Por Guillermo Piro |
Margaret Atwood, escritora canadiense autora de más de 15
novelas, entre ellas El cuento de la criada y El asesino ciego (las únicas que
leí), tiene 78 años, el cabello blanco y enrulado y los ojos azules. Dos de sus
novelas, El cuento de la criada y Alias Grace, inspiraron dos series
televisivas que aparecieron este año. Ambas novelas tienen por protagonistas a
mujeres “sin derechos”: las de El cuento de la criada viven en el futuro, en
una sociedad teocrática en la que las mujeres visten túnicas rojas y sus tareas
se reducen al cuidado de la casa y parir hijos.
Alias Grace, en cambio, sucede
en el Canadá de mediados del siglo XIX, donde la calidad de vida de las mujeres
dependía en gran parte de cómo los hombres se comportaban con ellas y su
libertad personal era muy limitada. Para Atwood, el parecido de ambas novelas
se agota en la cuestión del derecho de las mujeres y en el hecho de que
nosotros las observamos desde un presente en que las mujeres tienen “algunos
derechos”, dicho esto con una sonrisita difícil de caracterizar (si dijera
“pícara” debería decir “maliciosa”, y si dijera “pícara y maliciosa” estaría
omitiendo “taimada”, así que mejor digamos simplemente “sonrisita”).
Las intervenciones de Atwood, al igual que su sonrisa, son
inclasificables. Pasó por Buenos Aires y participó de una rueda de prensa, casi
exclusivamente integrada por periodistas mujeres. A la pregunta “¿Es usted una
escritora feminista?” respondió que basta poner como personaje de una novela a
una mujer para que un libro sea considerado feminista. A la pregunta “¿Cree
usted que hay más mujeres en las firmas de libros por una cuestión de género?”
dijo: “La cuestión es más sencilla: los hombres odian hacer fila; para las
mujeres, en cambio, se trata de un evento social”.

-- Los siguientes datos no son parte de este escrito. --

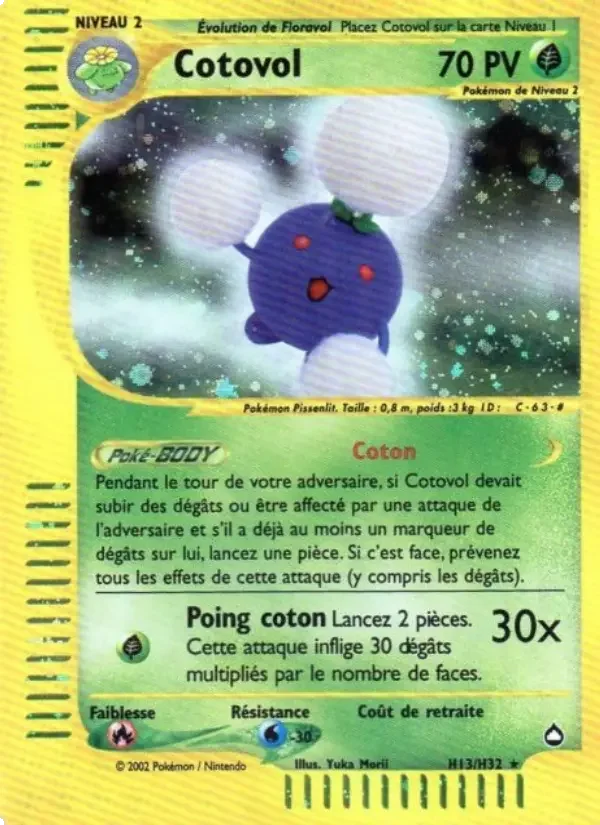 Carte Pokémon Cotovol — Aquapolis
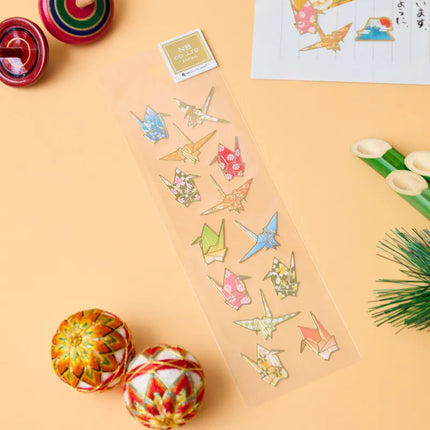 NB - Japanese Style Origami Crane Stickers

Antes había pasado por Italia, donde recibió el premio
Raymond Chandler a su carrera, concedido por el Noir in Festival. La periodista
italiana Ludovica Lugli publicó un artículo en el sitio Il Post donde da cuenta
de otras frases célebres de la escritora canadiense. En relación con el caso
Weinstein, por ejemplo, dijo: “Es una historia vieja como el mundo: quien tiene
el poder piensa que puede comportarse como se le antoja, especialmente con las
mujeres jóvenes e inexpertas que quieren trabajar en ese sector. Pero a mí no
me ha ocurrido recientemente eso de sufrir agresiones sexuales. No me explico
por qué”.
Margaret Atwood sabe que se parece a una bruja y hace bromas
con eso. Al grupo de periodistas que la entrevistó en una sala del cine Anteo
de Milán le contó, muy divertida, que el 30 de octubre, mientras barría las
hojas secas caídas de los árboles delante de su casa en Toronto, su vecino, “un
abogado muy bromista que se llama Sam”, le dijo que no debería dejarse ver con
una escoba en la mano para no alimentar su fama de “la bruja mala del barrio”.
La noche del 6 de diciembre también tuvo un encuentro público con la escritora
Chiara Valerio, y allí confesó que no podía revelar los secretos de su
aquelarre.
Otra que tenía fama de bruja era la escritora brasileña Clarice
Lispector. Pero en su caso la cosa fue un poco más allá, porque una vez la
invitaron a un congreso de brujería en Colombia. Naturalmente, fue. El clima de
la ciudad de Bogotá le sentó mal: tenía dolor de cabeza y estuvo todo el tiempo
encerrada en su cuarto de hotel, sola. Le habían pedido un texto sobre
brujería, pero como ella de brujería no sabía nada, lo que hizo fue llevar un
cuento suyo, El huevo y la gallina, y pedirle a alguien que leyera la
traducción al español. Fue ovacionada. Las brujas se apoyan mucho entre ellas.